The hotel managed to lose its hot water in the morning and, since I had an early meeting, I grimaced through a cold wash and oozed my way into work. Friday started with a discussion of a large project submitted by Rolls-Royce in the Fuel Cells area. We all agreed quickly what the decision was, and then spent an hour exploring what could go wrong with its implementation!! Next came the Retrofit for the Future Funders Panel. This was the best we have had since we made it mandatory that Cyrus and I took part. Neil had written a report on the competition which summarised the issues and progress (he will, of course get lynched by the other Technologists when they discover we are going to implement it because he did it first!) and Max explained the funding aspects clearly. The mystery accountant also added a financial aspect we he reported that some of the companies were on the “risk” list because of standard financial reports. Given that this is the construction industry recovering from a recession, and that the projects are only a few months in length we agreed that we would seek clarification of their status and monitor progress halfway through the project but wouldn't be draconian in our implementation of our financial rules this time.

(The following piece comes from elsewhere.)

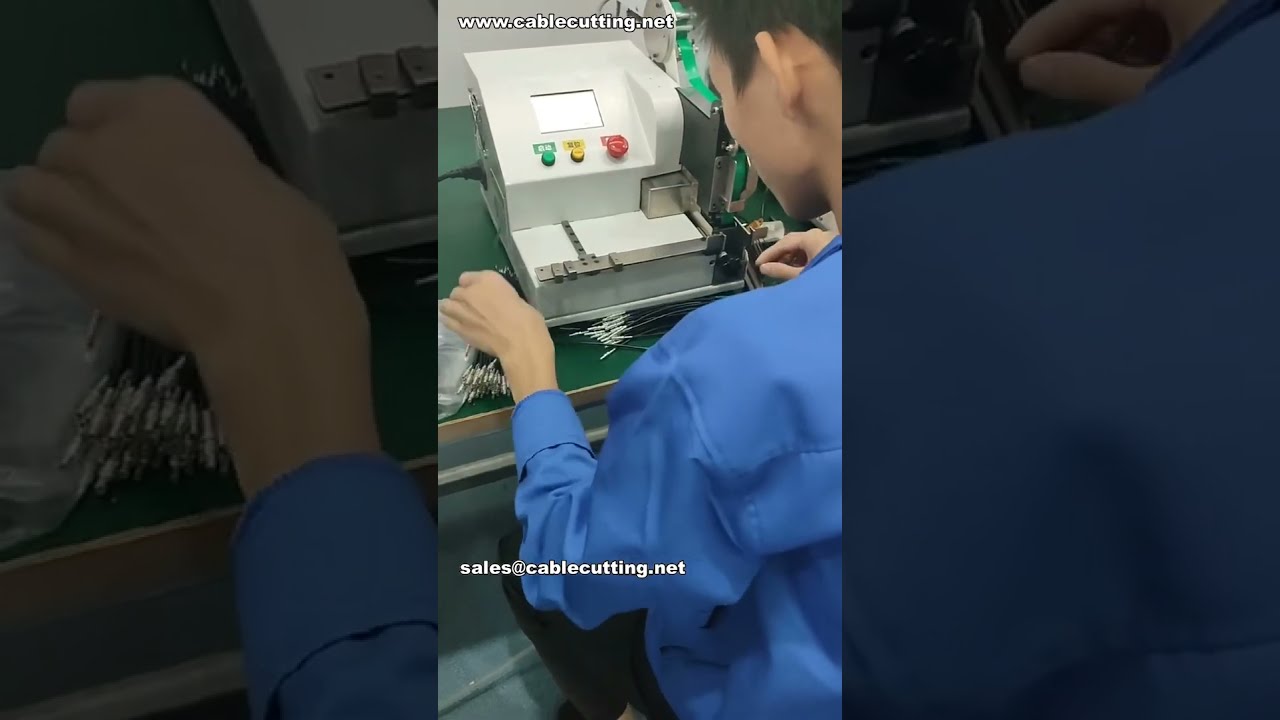 Koaxialkabel mit PVC-Band 18mm Abschnittslänge bekleben | Fabrik-Produktionsvideo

Fun over, we went back into a Board debrief and a continuation of the Executioners Meetings which lasted another 3 hours. Most importantly, we all bought into Coatesy’s clear statement of our goals for knowledge sharing – which will cause us to rethink and extend aspects of how we use KTNs. This opportunity comes because we have gone through the pain of the KTN transition.

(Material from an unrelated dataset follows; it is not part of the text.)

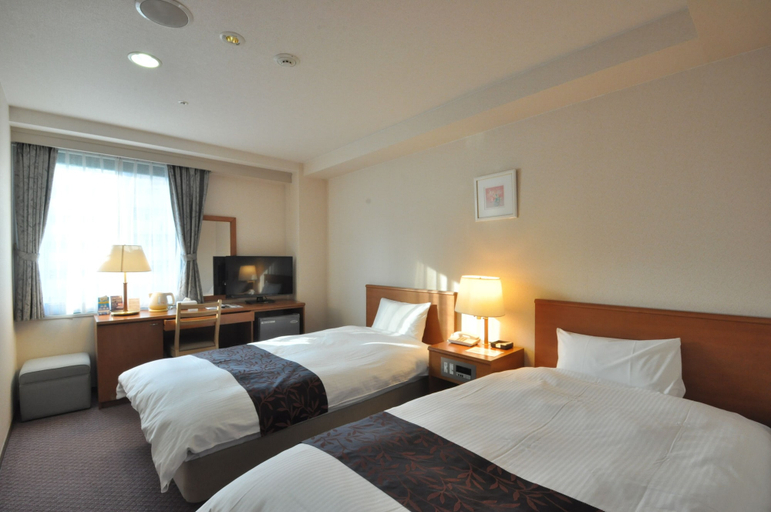 Bedroom 3, Kobe City Gardens Hotel, Kobe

The final meeting of the day was organised by Alex Stanhope – I think on the back of several separate conversations he has had with those who were supposed to be in Swindon. The weather, and last minute additions meant that it was a teleconference, so Alex and I huddled close to the offending speakerphone and spent a stimulating 2 hours talking to people from the BCS, Google, Seedcamp and Entrepreneur County. The focus was on helping start-ups in ICT space, but since one of the early points was that it was not clear who was doing what, the clear intent to work together from the organisations around the virtual table can only be a good move.
A final go around what we would say about sustainable agriculture, the Levy Boards and horticulture was the only thing on the agenda before I got to go home!!